As innovation becomes more open, collaborative and global, it improves innovation performance (Criscuolo et al. 2010; Narula and Zanfei 2004). Application of knowledge production functions to a dataset of thousands of firms discovered that being globally engaged in innovation leads to higher productivity, mainly due to learning from more sources, such as suppliers and customers, universities and their intra-firm worldwide pool of information (Criscuolo et al. 2010). In addition to multinational-led global innovation generation, strategic technology partnering complements internal R&D-based innovation (Narula and Zanfei 2004). This stream of literature found that large firms choose strategic partnering because of their strong technological capabilities and absorptive capacity. That enables firms to keep up with technological frontiers (Cantwell 1995). On the other hand, Narula (2002) found that small firms rely on external sources due to their lack of human, technological and financial resources. They cannot perform all innovation stages, from research and development to commercialisation, to create and capture value within their borders. Small firms often exploit niche markets, and a larger pool of resources and markets helps them implement their specialisation strategy (Chesbrough 2010).

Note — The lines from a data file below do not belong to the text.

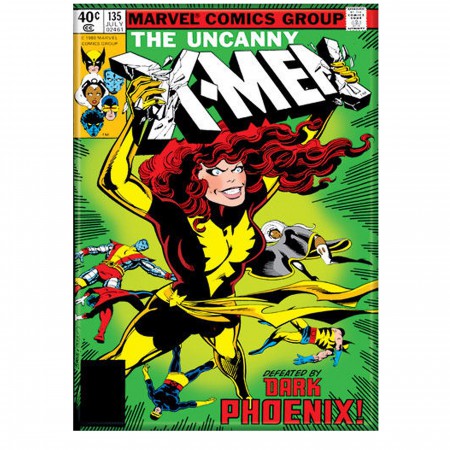X-Men Dark Phoenix Comic Cover Magnet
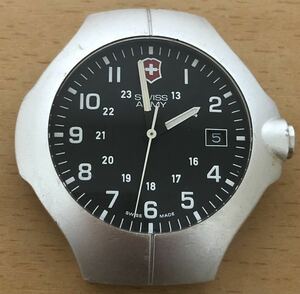 234-0010 VICTORINOX ビクトリノックス　SWISS ARMY メンズ　レディース　腕時計　クオーツ　020257557 電池切れ 動作未確認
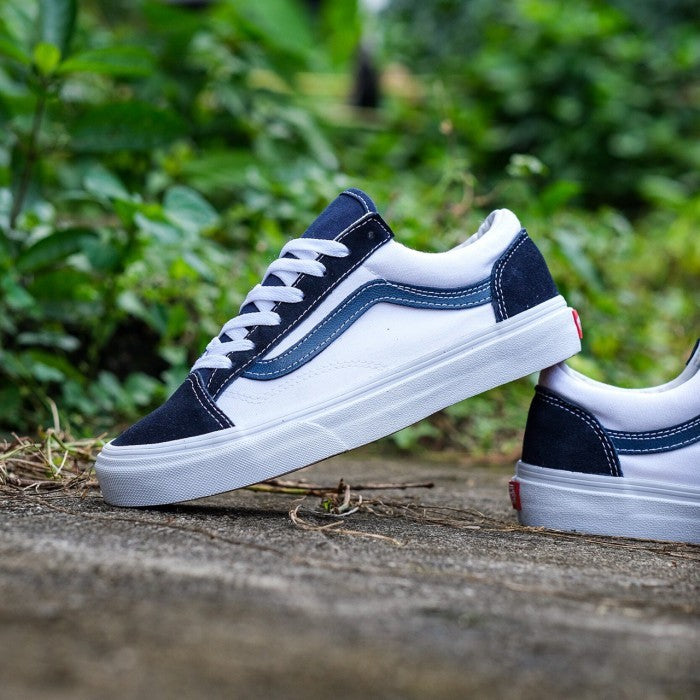 VANS STYLE 36 CLASSIC SPORT DRESS BLUE TRUE WHITE
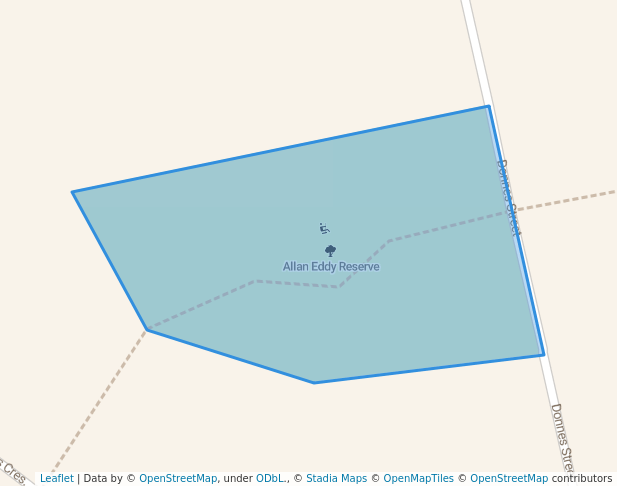 Allan Eddy Reserve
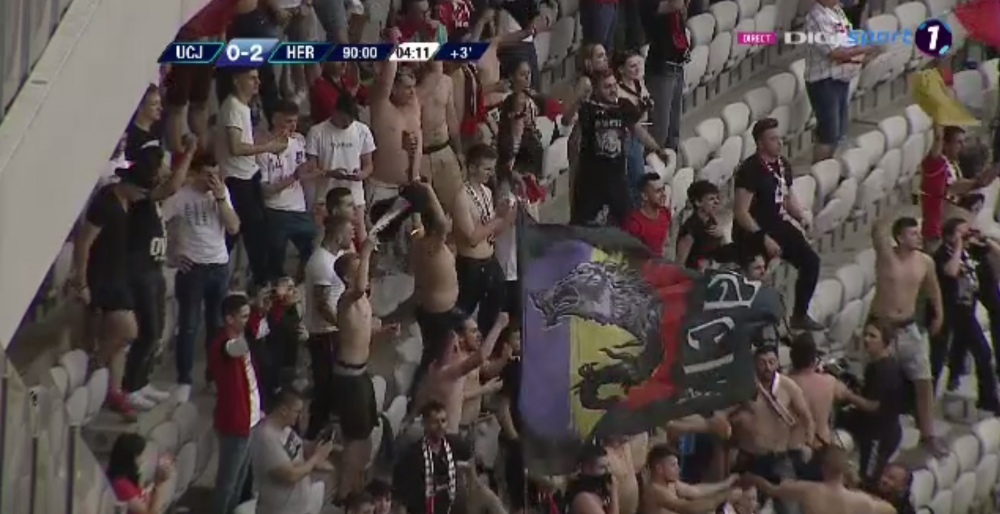 U CLUJ 0-2 HERMANNSTADT | Au facut tot ce le-am cerut eu, sunt multumit de baietii mei! Mai avem o repriza miercuri! Reactia lui Lobont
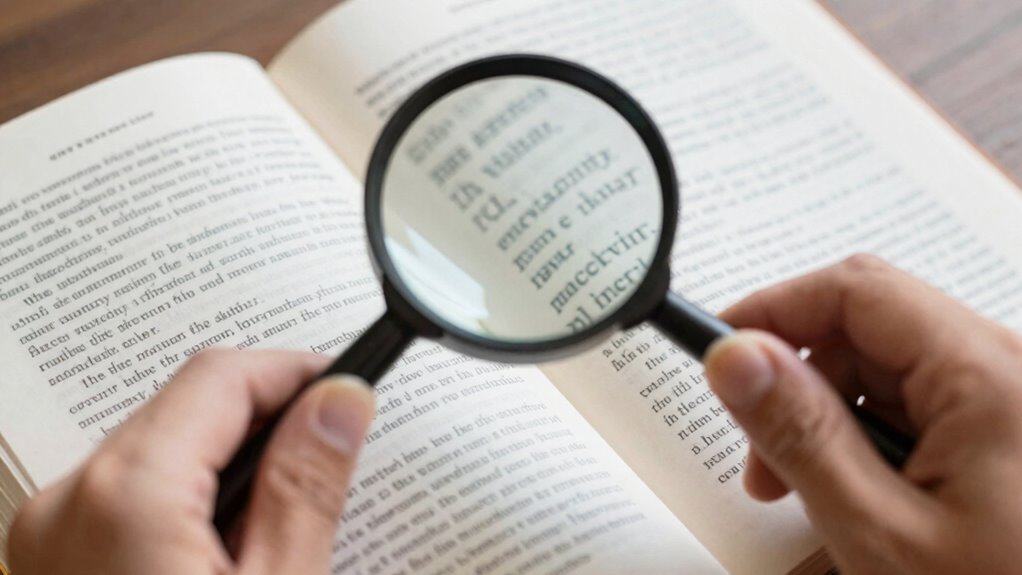 automatic focus enhances readability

The internationalisation of innovation and the rise of the emerging economies have induced much R&D outsourcing activity from advanced to emerging economies. China and India have invested heavily in R&D, and both have reservoirs of low-cost high-skilled labour (Fu et al. 2011), which makes them particularly attractive partners. However, despite substantial investment in R&D and a large pool of educated scientists and engineers, firms in developing countries are frequently constrained from world-leading innovation performance (for example, Hobday et al. 2004; Dantas and Bell 2009). One salient reason is that universities in latecomer economies are often over-engaged in the diffusion, instead of the creation of knowledge, and this leads to domestic university-firm partnerships enhancing incremental innovation (Fu and Li 2016). Innovation through international collaboration is likely to break these constraints, nurturing more radical innovation and changing the technology trajectory of China.

Motivations and the Actual Gains from IIC for Radical Innovation

Firms collaborate with external partners, such as customers, suppliers and URIs, in a range of paradigm-shifting and technical problem-solving activities. The effect of innovation collaboration is shaped by the type of innovation nurtured by these interactions. For instance, Criscuolo et al. (2010) found that information flows from universities are critical for patenting, whereas flows from business contacts are important for other metrics of innovation performance. Indeed, collaborating with URIs can significantly enhance both a firm’s entry to new technological fields and new product development (George et al. 2002; Perkmann et al. 2011; Mindruta 2013). It can also support paradigm-shifting projects, although Parida et al. (2012) showed that collaboration and integration with customers in the supply chain also positively influence radical innovation in high-tech sectors.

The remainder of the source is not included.